Artificial Intelligence 1.0: “knowledge” learning
Today, computers have become ubiquitous in all areas of life, at work or at home. Indeed, computers are useful tools that are much better than most humans involved in information-processing jobs (65 percent of the American workforce).
In addition to surpassing the human mental capacity for calculation and processing tasks, computers enable global interconnection of people and information sharing through the internet. This has brought universal knowledge to our connected doors.
The development of powerful computers and cheap / fast access memory in the late 70’s made the progress possible. Today, operators can direct machines to collect, clean and sort data to gain insight. The logical next step was for computers to recognize patterns in the data by themselves. Welcome to the birth of artificial intelligence.
Artificial Intelligence 2.0: deep, “predictive” learning
Behavior recognition to predict outcome is what machines are learning to do today. For example, many tech companies are developing solutions to assess which customers are most likely to buy specific products. This information is then used to decide the best marketing / distribution channels. Without the computers’ analytics, decisions are made based on expert judgment. Such decisions are often biased toward the outcome most favorable to the expert interests. Results are usually worse than relying purely on data.

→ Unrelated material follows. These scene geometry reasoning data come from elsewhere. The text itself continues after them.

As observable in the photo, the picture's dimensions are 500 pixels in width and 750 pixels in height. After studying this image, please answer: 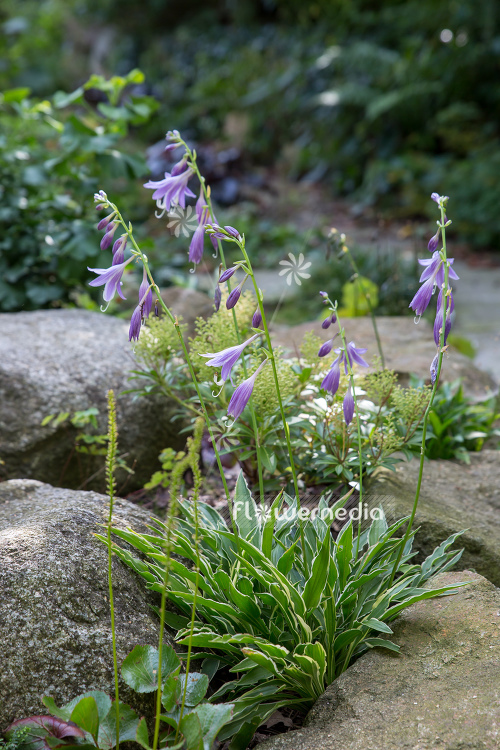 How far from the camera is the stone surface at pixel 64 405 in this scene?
9.20 ft

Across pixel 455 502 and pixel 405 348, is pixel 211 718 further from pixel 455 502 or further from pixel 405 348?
pixel 405 348

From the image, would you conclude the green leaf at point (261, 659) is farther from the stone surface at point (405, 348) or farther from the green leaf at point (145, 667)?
the stone surface at point (405, 348)

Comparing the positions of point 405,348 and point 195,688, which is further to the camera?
point 405,348

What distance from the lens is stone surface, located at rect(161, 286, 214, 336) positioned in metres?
4.03

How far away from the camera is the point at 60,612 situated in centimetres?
164

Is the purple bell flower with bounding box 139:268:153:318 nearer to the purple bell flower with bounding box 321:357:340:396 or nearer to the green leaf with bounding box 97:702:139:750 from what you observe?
the purple bell flower with bounding box 321:357:340:396

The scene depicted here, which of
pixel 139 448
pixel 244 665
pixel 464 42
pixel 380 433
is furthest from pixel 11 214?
pixel 464 42

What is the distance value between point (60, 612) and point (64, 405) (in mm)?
1338

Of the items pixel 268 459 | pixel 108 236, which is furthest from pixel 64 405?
pixel 108 236

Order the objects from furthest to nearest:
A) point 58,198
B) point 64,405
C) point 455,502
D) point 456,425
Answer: point 58,198
point 456,425
point 64,405
point 455,502

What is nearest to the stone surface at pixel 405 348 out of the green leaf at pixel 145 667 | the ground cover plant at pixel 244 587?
the ground cover plant at pixel 244 587

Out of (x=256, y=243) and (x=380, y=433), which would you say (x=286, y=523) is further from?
(x=256, y=243)

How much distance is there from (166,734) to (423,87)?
845cm

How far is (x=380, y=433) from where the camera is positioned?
92.4 inches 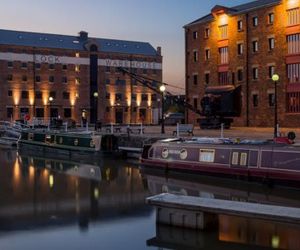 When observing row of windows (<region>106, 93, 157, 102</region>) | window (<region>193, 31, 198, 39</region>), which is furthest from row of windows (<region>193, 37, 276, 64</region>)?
row of windows (<region>106, 93, 157, 102</region>)

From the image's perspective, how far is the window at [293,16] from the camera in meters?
43.8

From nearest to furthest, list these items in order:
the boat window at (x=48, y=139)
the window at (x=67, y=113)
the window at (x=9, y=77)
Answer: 1. the boat window at (x=48, y=139)
2. the window at (x=9, y=77)
3. the window at (x=67, y=113)

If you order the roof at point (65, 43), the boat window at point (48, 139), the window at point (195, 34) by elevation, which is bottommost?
the boat window at point (48, 139)

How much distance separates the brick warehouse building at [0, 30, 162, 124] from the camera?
76750mm

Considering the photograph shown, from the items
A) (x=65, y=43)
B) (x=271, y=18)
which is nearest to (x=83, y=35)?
(x=65, y=43)

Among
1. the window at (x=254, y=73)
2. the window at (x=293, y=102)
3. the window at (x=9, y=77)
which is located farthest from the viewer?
the window at (x=9, y=77)

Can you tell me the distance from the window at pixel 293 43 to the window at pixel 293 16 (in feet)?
3.35

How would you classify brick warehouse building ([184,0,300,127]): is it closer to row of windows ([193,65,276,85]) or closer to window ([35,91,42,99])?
row of windows ([193,65,276,85])

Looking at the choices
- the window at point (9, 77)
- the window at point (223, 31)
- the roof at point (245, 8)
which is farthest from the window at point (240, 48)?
the window at point (9, 77)

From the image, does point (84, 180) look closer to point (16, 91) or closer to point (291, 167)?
point (291, 167)

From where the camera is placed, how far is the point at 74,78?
8162cm

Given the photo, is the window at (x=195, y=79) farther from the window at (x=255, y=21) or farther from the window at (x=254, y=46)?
the window at (x=255, y=21)

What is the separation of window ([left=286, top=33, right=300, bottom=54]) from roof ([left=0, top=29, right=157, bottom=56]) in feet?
143

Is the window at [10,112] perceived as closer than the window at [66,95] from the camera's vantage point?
Yes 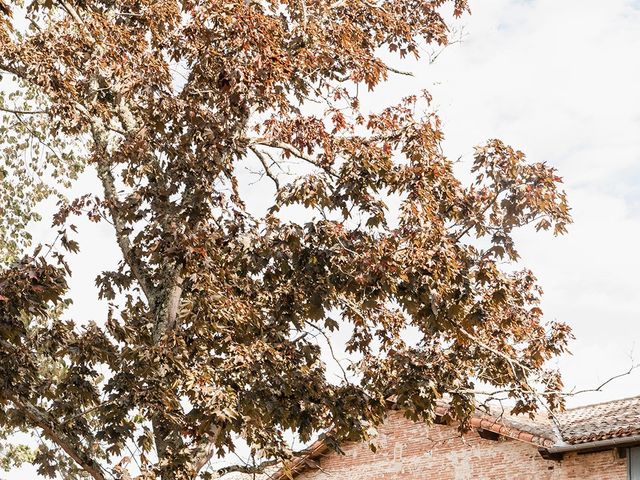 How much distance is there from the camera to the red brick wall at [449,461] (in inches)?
727

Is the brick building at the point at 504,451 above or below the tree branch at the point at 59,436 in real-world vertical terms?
above

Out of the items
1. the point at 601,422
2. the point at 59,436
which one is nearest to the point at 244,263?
the point at 59,436

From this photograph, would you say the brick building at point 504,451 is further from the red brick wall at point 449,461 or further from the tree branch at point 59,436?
the tree branch at point 59,436

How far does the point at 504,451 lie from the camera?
1972cm

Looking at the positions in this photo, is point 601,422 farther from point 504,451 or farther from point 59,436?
point 59,436

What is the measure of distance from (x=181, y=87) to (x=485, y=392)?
19.0 feet

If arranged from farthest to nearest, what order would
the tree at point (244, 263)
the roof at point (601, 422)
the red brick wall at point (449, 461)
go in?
the red brick wall at point (449, 461) < the roof at point (601, 422) < the tree at point (244, 263)

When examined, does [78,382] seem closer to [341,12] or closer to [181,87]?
[181,87]

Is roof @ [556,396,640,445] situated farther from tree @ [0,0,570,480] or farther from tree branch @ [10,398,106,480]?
tree branch @ [10,398,106,480]

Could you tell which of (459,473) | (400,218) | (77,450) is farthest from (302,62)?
(459,473)

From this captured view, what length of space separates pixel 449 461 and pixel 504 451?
135cm

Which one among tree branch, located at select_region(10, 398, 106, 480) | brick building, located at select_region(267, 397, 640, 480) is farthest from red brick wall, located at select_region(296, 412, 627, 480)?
tree branch, located at select_region(10, 398, 106, 480)

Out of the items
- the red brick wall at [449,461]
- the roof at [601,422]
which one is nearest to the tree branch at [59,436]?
the red brick wall at [449,461]

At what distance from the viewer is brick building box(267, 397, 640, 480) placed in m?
17.7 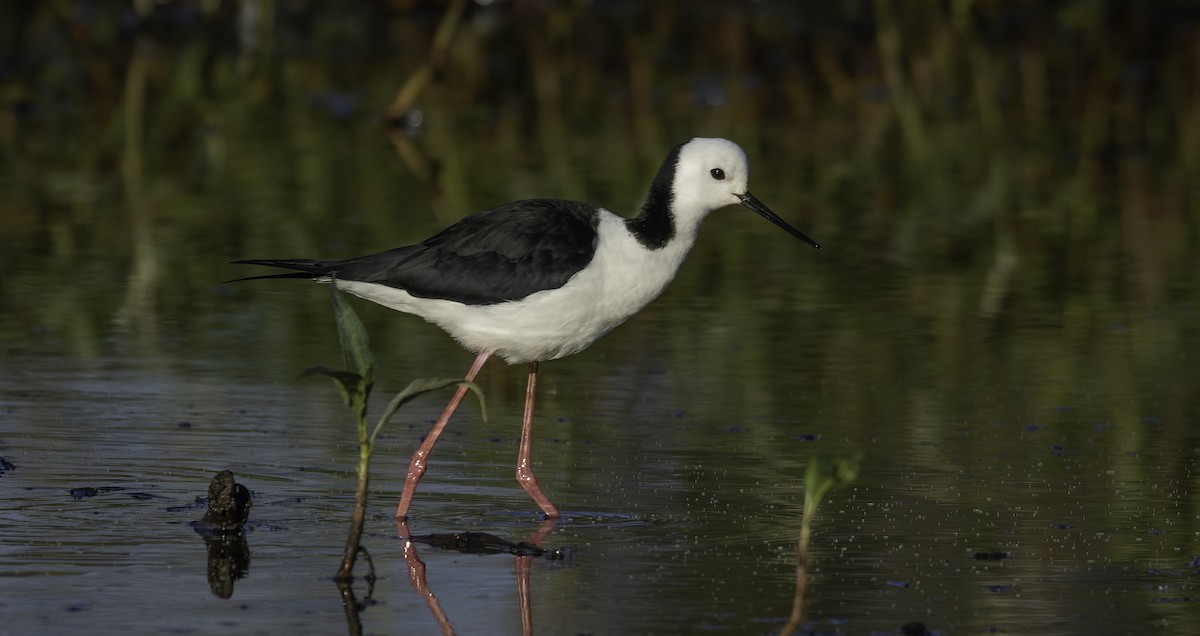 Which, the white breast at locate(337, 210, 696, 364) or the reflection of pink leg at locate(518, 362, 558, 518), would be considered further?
the white breast at locate(337, 210, 696, 364)

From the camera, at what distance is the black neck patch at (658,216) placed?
20.7ft

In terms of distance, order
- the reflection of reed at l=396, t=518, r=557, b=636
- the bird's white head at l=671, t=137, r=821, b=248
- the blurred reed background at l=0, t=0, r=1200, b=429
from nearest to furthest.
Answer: the reflection of reed at l=396, t=518, r=557, b=636, the bird's white head at l=671, t=137, r=821, b=248, the blurred reed background at l=0, t=0, r=1200, b=429

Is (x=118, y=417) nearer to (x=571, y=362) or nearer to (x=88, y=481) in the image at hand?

The human brain was the inspiration for the deep neural network technology. Via successive grouping and layering, computers can extract the essential relations (characteristics) existing in large cloud of non-structured data. Through this deeper-and-deeper classification, the system learns without supervision nor specific programs.
A new generation of graphics processing units (GPU), derived from video games, are particularly suited to recognize patterns in large volume of heterogeneous data. Interestingly, computers achieve 98% success rate in image recognition, whereas humans are wrong in 5% of the cases.

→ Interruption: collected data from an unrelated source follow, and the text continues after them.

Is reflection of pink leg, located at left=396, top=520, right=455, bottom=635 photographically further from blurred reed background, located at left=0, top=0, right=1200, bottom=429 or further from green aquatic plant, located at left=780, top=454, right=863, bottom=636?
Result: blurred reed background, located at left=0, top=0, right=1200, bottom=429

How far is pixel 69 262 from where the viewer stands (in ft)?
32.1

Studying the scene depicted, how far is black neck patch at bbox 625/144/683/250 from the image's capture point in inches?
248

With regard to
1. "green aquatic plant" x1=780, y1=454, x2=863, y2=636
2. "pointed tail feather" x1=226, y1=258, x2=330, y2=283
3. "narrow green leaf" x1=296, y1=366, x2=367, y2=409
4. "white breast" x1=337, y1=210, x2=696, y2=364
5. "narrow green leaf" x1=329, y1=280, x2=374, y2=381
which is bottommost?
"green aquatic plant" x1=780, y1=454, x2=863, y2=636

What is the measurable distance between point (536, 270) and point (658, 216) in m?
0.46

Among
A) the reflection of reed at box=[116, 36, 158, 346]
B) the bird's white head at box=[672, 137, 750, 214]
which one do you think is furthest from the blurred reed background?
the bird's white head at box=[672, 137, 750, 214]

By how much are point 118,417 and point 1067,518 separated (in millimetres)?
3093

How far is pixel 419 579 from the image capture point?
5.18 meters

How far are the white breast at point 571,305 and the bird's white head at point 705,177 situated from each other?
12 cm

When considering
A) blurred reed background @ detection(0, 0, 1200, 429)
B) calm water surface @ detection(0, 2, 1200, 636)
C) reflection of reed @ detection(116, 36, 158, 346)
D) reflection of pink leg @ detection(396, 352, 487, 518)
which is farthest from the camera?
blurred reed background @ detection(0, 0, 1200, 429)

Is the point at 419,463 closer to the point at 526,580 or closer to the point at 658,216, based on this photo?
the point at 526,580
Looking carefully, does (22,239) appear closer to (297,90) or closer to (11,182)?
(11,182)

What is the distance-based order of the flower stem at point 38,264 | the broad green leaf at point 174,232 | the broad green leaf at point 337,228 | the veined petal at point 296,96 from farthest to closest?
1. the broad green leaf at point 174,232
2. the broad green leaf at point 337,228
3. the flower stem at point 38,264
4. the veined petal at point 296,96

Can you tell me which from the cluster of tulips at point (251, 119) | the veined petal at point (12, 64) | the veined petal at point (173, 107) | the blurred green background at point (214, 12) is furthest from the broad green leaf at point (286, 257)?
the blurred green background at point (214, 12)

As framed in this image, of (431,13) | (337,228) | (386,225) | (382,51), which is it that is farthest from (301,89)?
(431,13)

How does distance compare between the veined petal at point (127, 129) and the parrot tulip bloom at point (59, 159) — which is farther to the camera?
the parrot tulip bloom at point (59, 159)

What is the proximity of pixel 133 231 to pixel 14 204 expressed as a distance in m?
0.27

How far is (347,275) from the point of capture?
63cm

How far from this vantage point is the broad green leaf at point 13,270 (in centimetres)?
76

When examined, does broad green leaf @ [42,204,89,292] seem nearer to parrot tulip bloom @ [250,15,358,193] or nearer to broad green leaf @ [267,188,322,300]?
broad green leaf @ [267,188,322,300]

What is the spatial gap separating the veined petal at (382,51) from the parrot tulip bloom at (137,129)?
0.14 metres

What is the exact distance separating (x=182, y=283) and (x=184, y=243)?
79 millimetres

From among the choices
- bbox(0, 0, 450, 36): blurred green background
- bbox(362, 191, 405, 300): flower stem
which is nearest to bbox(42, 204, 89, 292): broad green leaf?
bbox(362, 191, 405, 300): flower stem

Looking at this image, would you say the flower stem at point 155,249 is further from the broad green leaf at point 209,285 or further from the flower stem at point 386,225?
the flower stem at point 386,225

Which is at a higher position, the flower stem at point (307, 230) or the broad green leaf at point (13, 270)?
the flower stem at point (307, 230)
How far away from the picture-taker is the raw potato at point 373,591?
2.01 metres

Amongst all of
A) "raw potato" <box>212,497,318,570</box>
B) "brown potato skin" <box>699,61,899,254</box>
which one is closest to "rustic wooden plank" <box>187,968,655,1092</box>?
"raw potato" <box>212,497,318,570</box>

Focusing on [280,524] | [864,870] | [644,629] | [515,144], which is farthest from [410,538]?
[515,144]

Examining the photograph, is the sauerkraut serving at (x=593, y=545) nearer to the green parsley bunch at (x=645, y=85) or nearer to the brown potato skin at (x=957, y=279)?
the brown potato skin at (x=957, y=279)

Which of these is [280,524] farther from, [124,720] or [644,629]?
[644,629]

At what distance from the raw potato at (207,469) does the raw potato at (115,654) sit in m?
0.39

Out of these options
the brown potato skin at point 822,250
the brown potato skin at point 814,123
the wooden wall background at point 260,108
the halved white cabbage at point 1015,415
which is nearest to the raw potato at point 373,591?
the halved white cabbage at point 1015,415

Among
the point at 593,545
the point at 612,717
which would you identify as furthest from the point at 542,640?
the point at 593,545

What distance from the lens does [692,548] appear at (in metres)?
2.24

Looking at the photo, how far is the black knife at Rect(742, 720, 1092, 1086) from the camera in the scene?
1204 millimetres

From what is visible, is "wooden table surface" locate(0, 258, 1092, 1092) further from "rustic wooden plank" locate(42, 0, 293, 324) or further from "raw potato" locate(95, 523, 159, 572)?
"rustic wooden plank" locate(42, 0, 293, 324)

Soon, deep learning will allow a machine to learn a language and get not only the general sense but also the context, irony, metaphors, jokes, even intonation and silence. For the moment, machines can identify patterns but lack the tools to put things in perspective, prioritize and recommend a course of action. To be able to make decisions, a computer would need to be aware of the context. This is the next step towards consciousness.
Artificial Intelligence 3.0: “attention” learning
Somehow, the brain also processes information but in a more subjective manner, through memories, senses and emotions, which provides context and awareness. To gain this level of consciousness, a machine would need to dispose of:
- its surrounding “object blueprint.” Each object or fact is represented by a generic vector. Using deep learning (see 2.0 above), today’s computers are able to build their own representation.
- its own “body blueprint.” Each machine must have its own virtual representation. It includes characteristics of physical shape, personality traits (behavior), and past performance (memories). This is a critical phase if one wants to avoid creating a killing machine.
- an “attention scheme.” This scheme is a description of the complex relationship between the “body” and the “object.” It is a practical map providing information about where we are, where we want to be and the various paths/landmarks.
Without an attention scheme, the machine would not be able to explain how it relates to anything in the world. With one, the machine would be able to affirm its awareness of the object… the same way a human would say it has consciousness, without being able to explain where it comes from. This is still Science Fiction, but the kind based on realistic scientific advances.